Wednesday, May 6, 2009

The Fitting

by gretchen


When you are shopping for a wedding gown, you get a little room, with an actual door and you have a nice woman helping you zip and hook and fluff. You walk out in gown after gown of princess dreams and look at your mother, sitting on a couch in front of you. You look at her with hope, thinking she'll be moved to tears seeing her youngest daughter, the one who swore she would never marry, in a wedding dress. You know this happens. You've seen it on TV. But there are no tears. There is the, "only your mother will tell you" feedback.


Which, really, is why you brought her. Big decision here. Can't be left to the somewhat questionable judgment of a still-not-sure-about-the-whole-wedding-thing woman.

The dress you love, the one you have coveted is immediately deemed too old. The saleswoman agrees: "It's for someone very mature, like 40." I stare at her. I look at my mom. "I'm 35. Pretty close."

More puffy dresses. More sparkles and tiaras and netting. Over and over, you think, "This is great, but I'm 35. I mean, seriously." Your mother loves the big foofy white one. Which would be dreamy. If you were 23. The saleswoman brings over more of the same. All dreamy. "I'm 35," you keep mumbling.


You are 35, and so you pick the one you like, the one that's "too old." It's pretty and appropriate.


When you go in for you fitting (alone), the nice little room (WITH THE DOOR) is gone. You are ushered into a small changing room with curtains that don't quite cover the entry way. The seamstress keeps pacing outside. At any moment, she might whip open those curtains and find you in your spanx/sausage casings hooking up your long-line bra which is a total pain in the ass. You step out. You wait for the, "Oh, so pretty."

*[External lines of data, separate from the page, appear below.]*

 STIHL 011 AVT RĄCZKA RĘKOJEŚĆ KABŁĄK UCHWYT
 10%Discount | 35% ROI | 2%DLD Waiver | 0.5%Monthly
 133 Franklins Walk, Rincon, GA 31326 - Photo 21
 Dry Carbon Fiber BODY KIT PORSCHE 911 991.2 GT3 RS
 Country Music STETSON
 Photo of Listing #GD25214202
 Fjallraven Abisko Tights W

You don't get it. The seamstress has a job to do: get you into that dress properly. She doesn't really care about much else. She also doesn't speak English, so what does it matter? You stand there, alone (no entourage necessary, again, unlike on TV). You wonder if it's the right dress. Not much you can do about that now... you decide maybe it's the wrong dress. You angst. You stress. You know it's the wrong dress. You decide you are definitely not getting married.

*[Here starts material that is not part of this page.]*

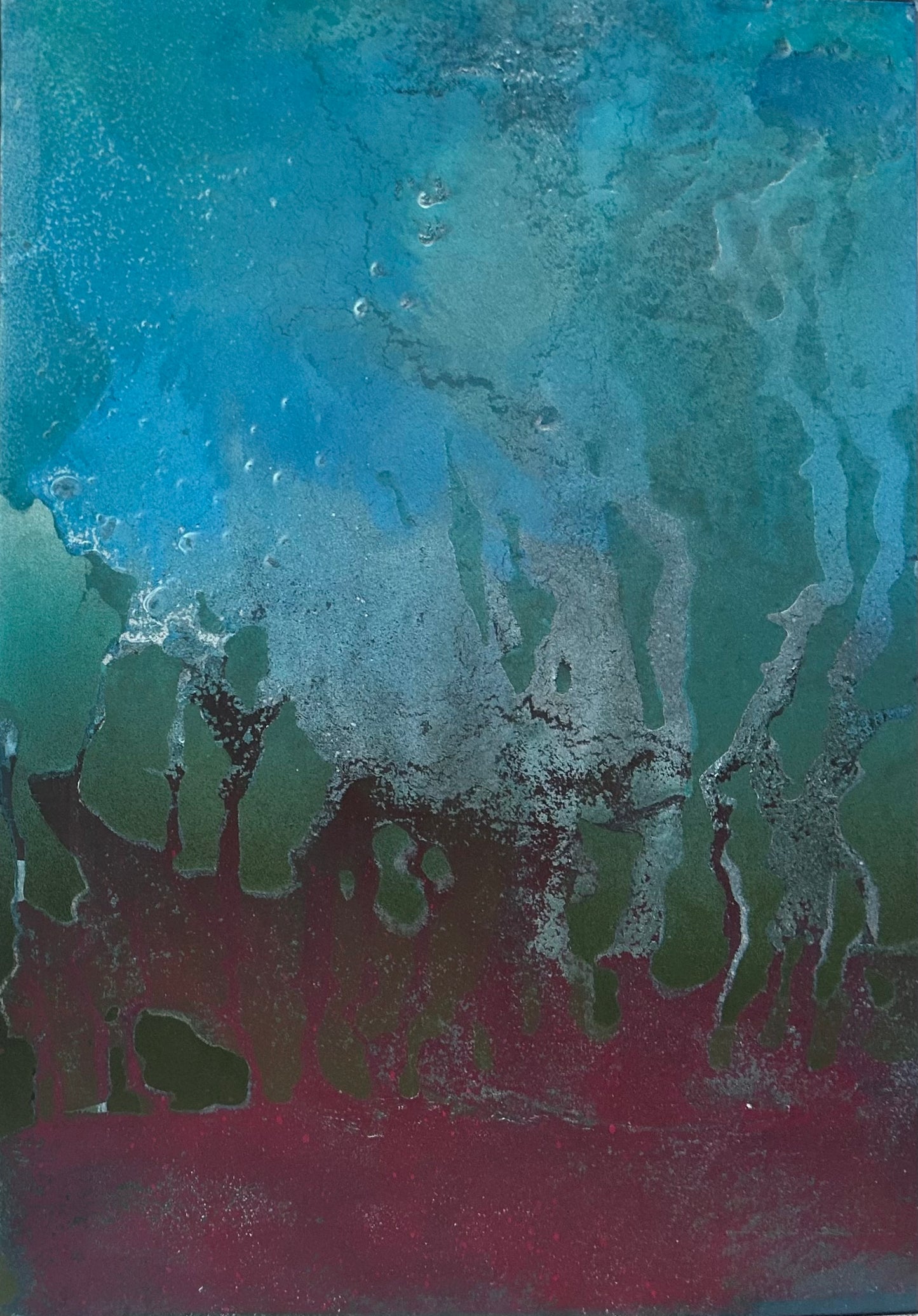 #461 - Searst 2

When you come back to pick it up six weeks later (again, alone), you have a new seamstress, and this one has no problem barging in on you. "I am the dressmaker. I see everyone neked," she says with her thick accent. "You tell me ven you need me to help you," she finishes as she sort-of closes the curtains. You try to change as fast as possible so she doesn't come in. In the process, you rip the zipper on your pants which you end up tearing to get them off as quickly as possibly. You can hear her heels clicking around out there. HURRY! you tell yourself. You fling the pants, wondering how you'll deal with the fact that you totally broke the zipper with your big fat butt. She lean over to put your shoes on and notice that very unattractive roll of fat on your belly. You have a very bad feeling about this dress. She barges in and sees you in the scuba suit of Lycra and boning. "Let's put this on," she says and drops the dress over your head. As she starts to shove you into the dress, you realize it's now much tighter.

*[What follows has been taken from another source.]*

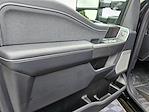 2025 Ford F-350 Crew Cab SRW 4x4 Pickup for sale #T25217 - photo 19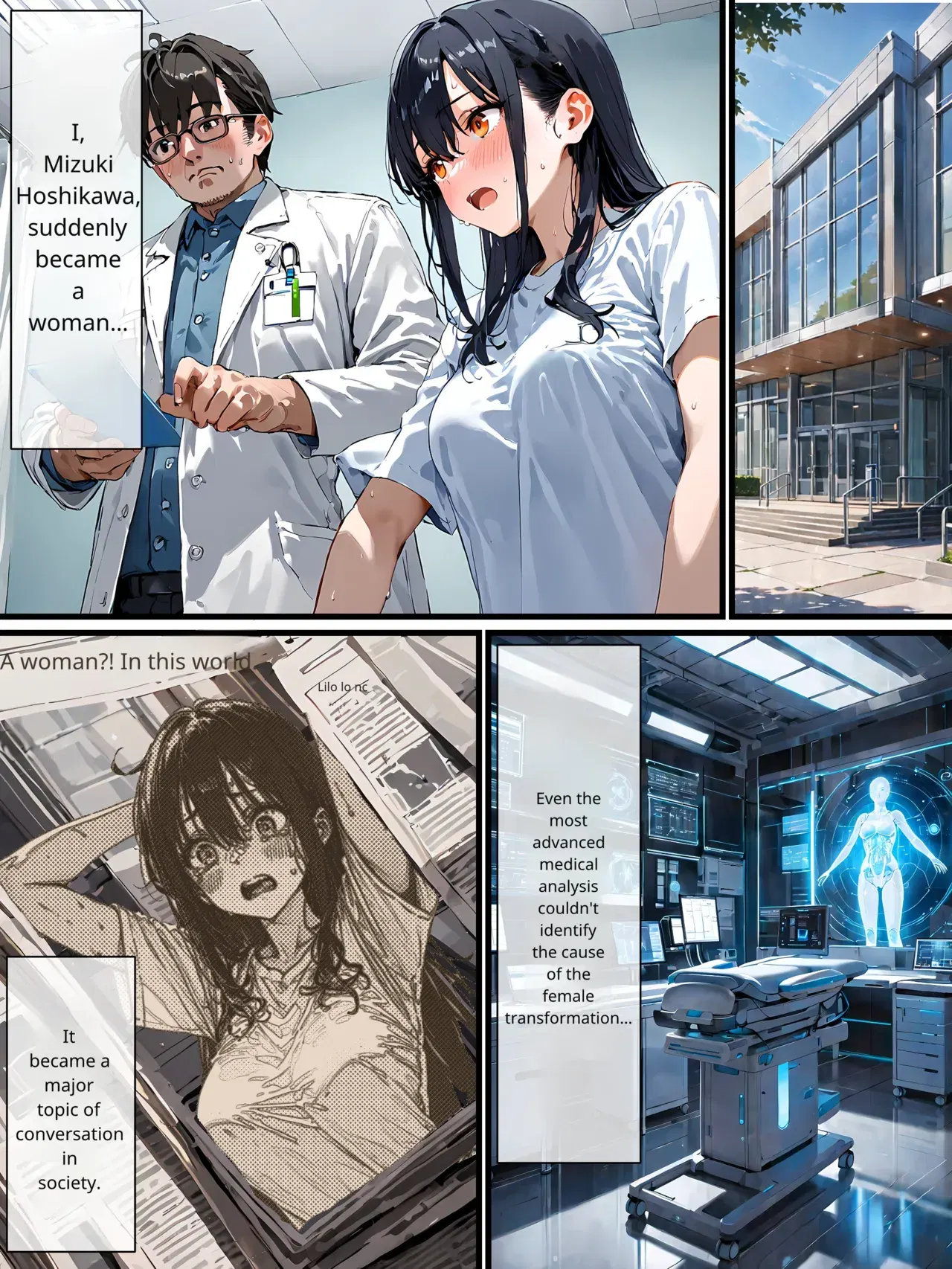 Image #5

She ushers you outside, again: all business. There is a cranky old man sitting just down the way and a fat young girl with her frumpy friends trying on bridesmaid dresses. You smell a bridezilla as she commands the tired salesgirl to fetch this and that. You remind yourself that YOU are the anomaly here; most women do think all of this is a very big frickin deal.


The seamstress glares at your boobs. "Vas dis de bra you vore ven you vere fitted?" Oh shit. You tell her is was. She doesn't actually call you a liar but you know she's thinking it as she eyeballs the trashy amount of cleavage exploding out of the top and sides of the strapless dress. You knew strapless was a bad idea... She tells you something you don't understand and suddenly, she's unzipped your dress and is yanking your bra around and moving your boobs. You are being molested in a wedding dress shop. AND NO ONE CARES. She zips you up.


"You see," and no I can't keep doing the accent, "You American girls like to wear your boobs up over your shoulders. You need to have them fall more naturally. Look at me. I am a D," she says proudly as she opens her jacket to reveal what you really doubt are D-cup boobs. She tells you how good her boobs look and then lifts them up higher to show you how ridiculous it would be to have them hoisted. But she's not American. We like the gravity-defying boobs. She shifts you around a bit more and then gives you instructions to not wear your bra too high on your wedding day. She grabs your hand and puts it under her boob: there should be two fingers between the bottom of your breast and the wire in the bra. Do you feel?" You've got my hands on some Russian woman's boob. This isn't really what you thought you would be doing today.


When you get home, your pants unzipped and your sweater pulled as low as it could go to cover that fact, your fiance asks you how your day was. "I got felt up by some Russian woman and then she made me look at her boobs." You walk away, letting him ponder that. From the other room, you add, "And she is totally not a D-cup. I felt them; I know."